**Task requirements:**
Return the listing below unchanged, minus its pictures.

**Supplied information:**
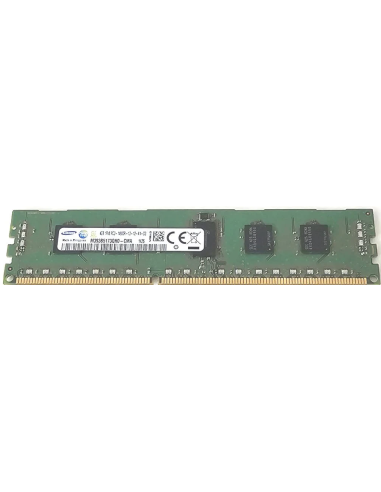 SAMSUNG 4GB 1Rx8 PC3-14900R ECC REG M393B5173QH0-CMA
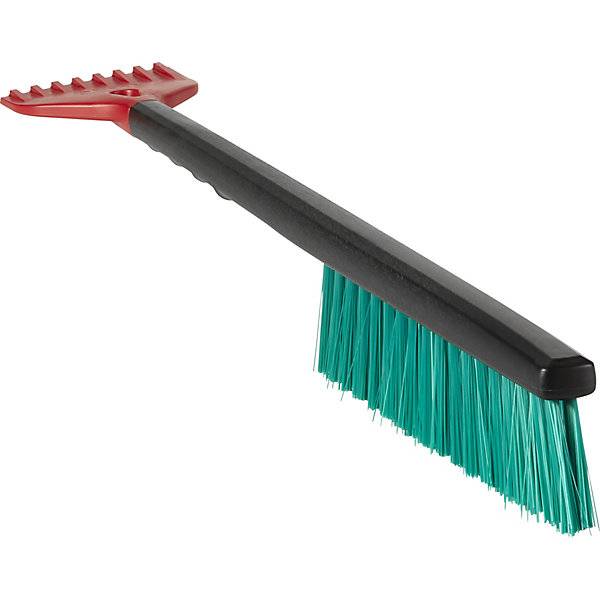 Schneebürste mit Eiskratzer VE 10 Stk hart schwarz. FINCKE-Hygiene  Fachgroßhandel OHG 77578149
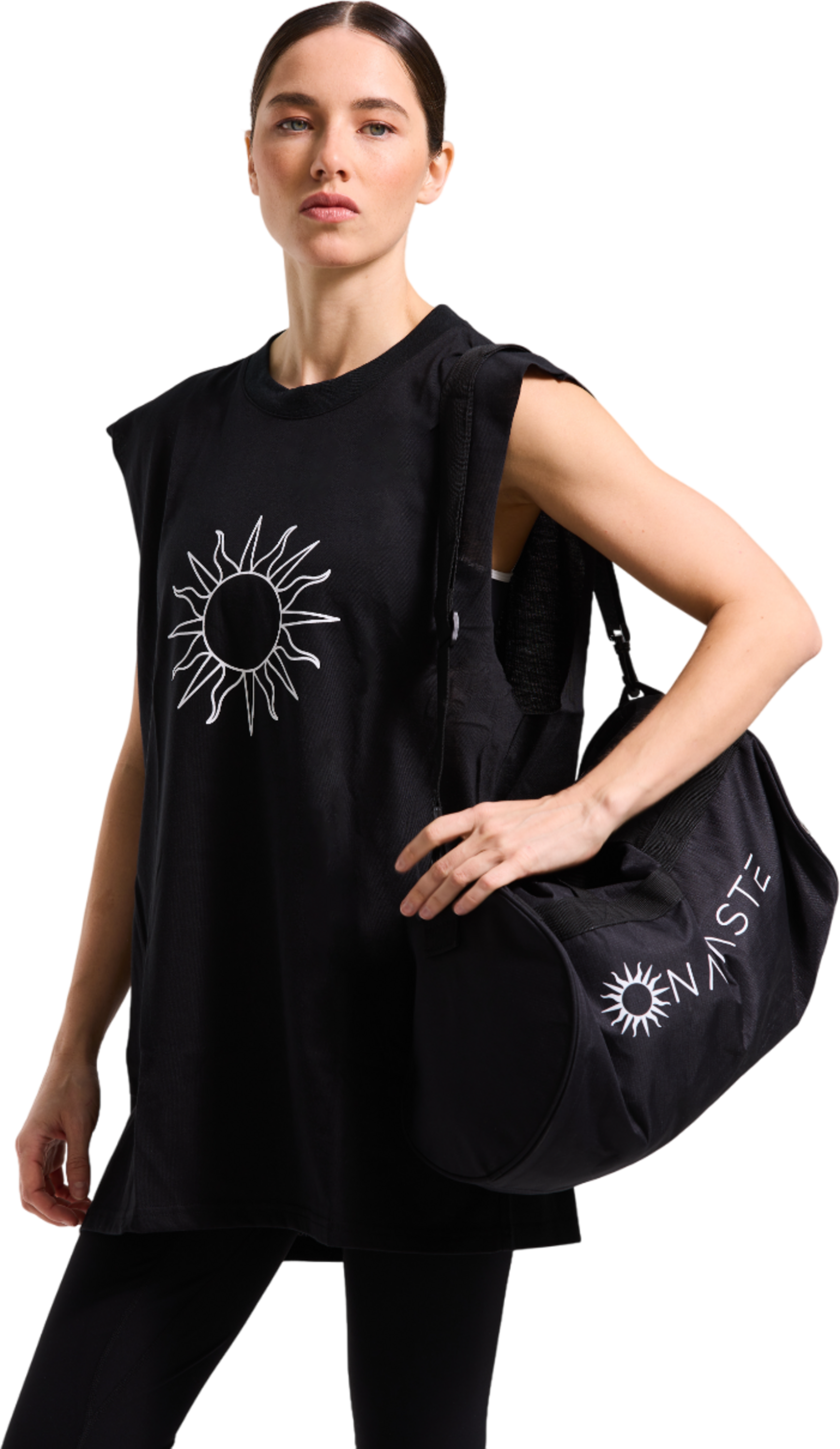 ONAMASTE, Sportväska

**Response for this exercise:**
 SAMSUNG 4GB 1Rx8 PC3-14900R ECC REG M393B5173QH0-CMA
 Schneebürste mit Eiskratzer VE 10 Stk hart schwarz. FINCKE-Hygiene  Fachgroßhandel OHG 77578149
 ONAMASTE, Sportväska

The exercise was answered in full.